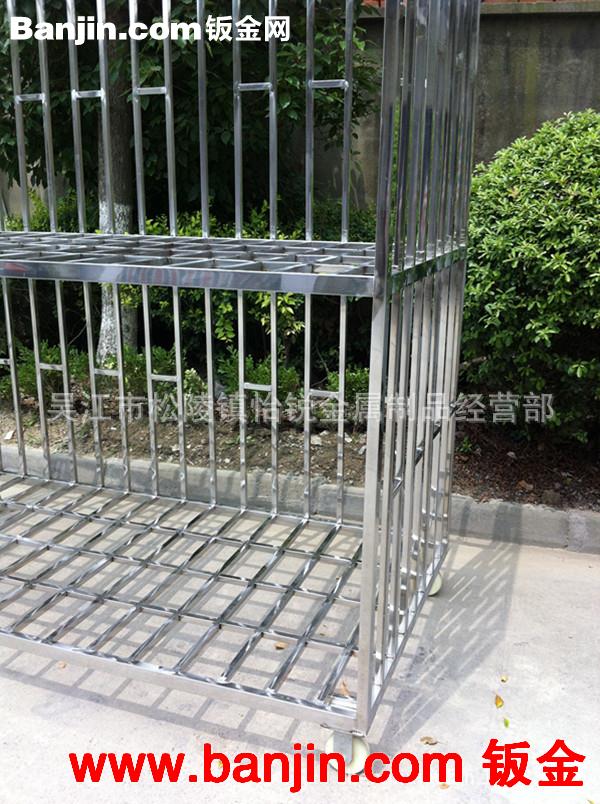 苏州 重庆 定做各类不锈钢物流台车 手推车 不锈钢架子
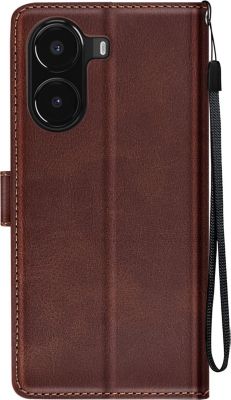 Etui AVIZAR Dragonne Xiaomi Poco X7 Pro Marron Foncé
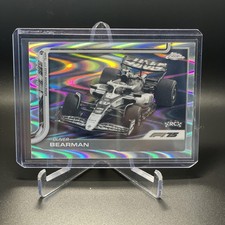 2025 Topps Chrome Formula 1 F1 #86 Oliver Bearman B&W Raywave Refractor RC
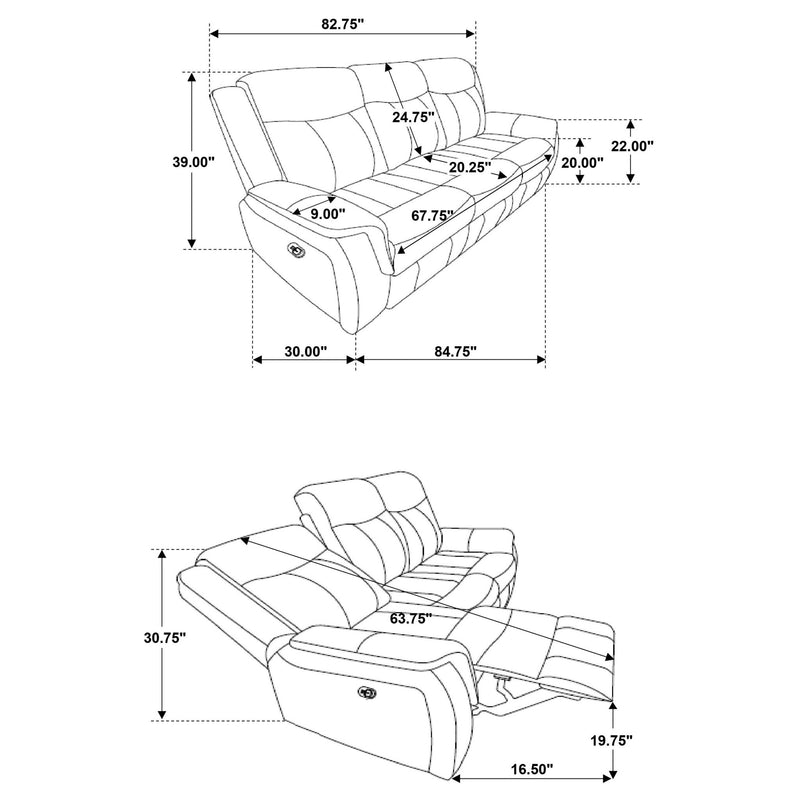 Franklin - Reclining Sofa Set
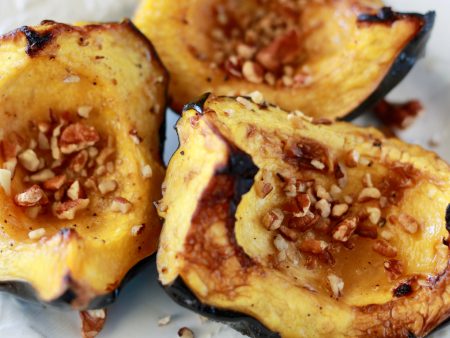 Acorn Squash with Cider and Pecans Hot on Sale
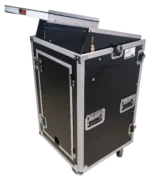 ProX 18U vertical rack mount flight case with 10U top mixer combo amp rack dimensional diagram specifications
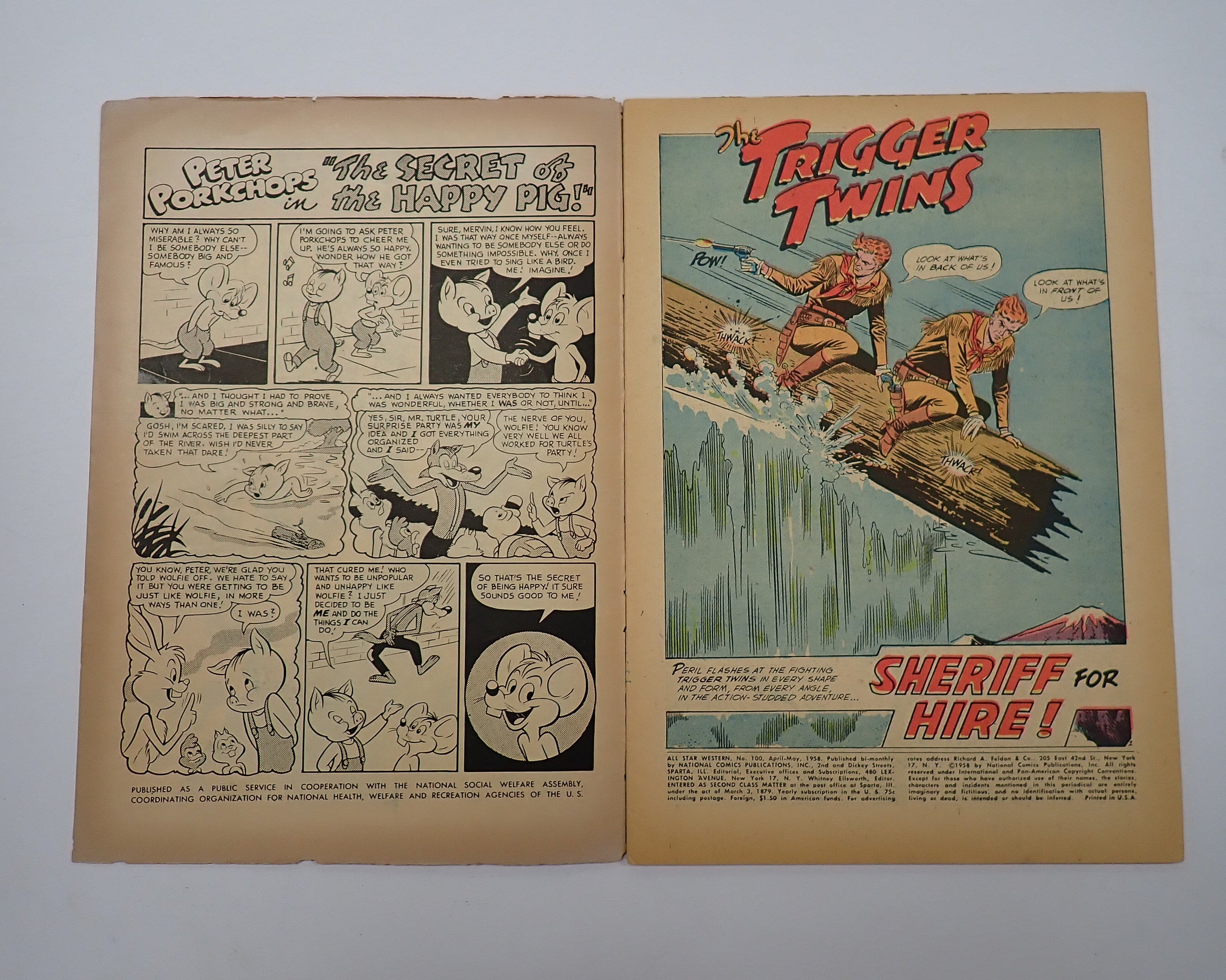 All-Star Western #100 (1958) - VG- (3.5)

#### TASK REQUIREMENTS:
Begin at the line containing "Acorn Squash with" and transcribe exactly every line through the end of the records, both ends included, leaving the pictures out.

#### FINISHED EXERCISE:
 Acorn Squash with Cider and Pecans Hot on Sale
 ProX 18U vertical rack mount flight case with 10U top mixer combo amp rack dimensional diagram specifications
 All-Star Western #100 (1958) - VG- (3.5)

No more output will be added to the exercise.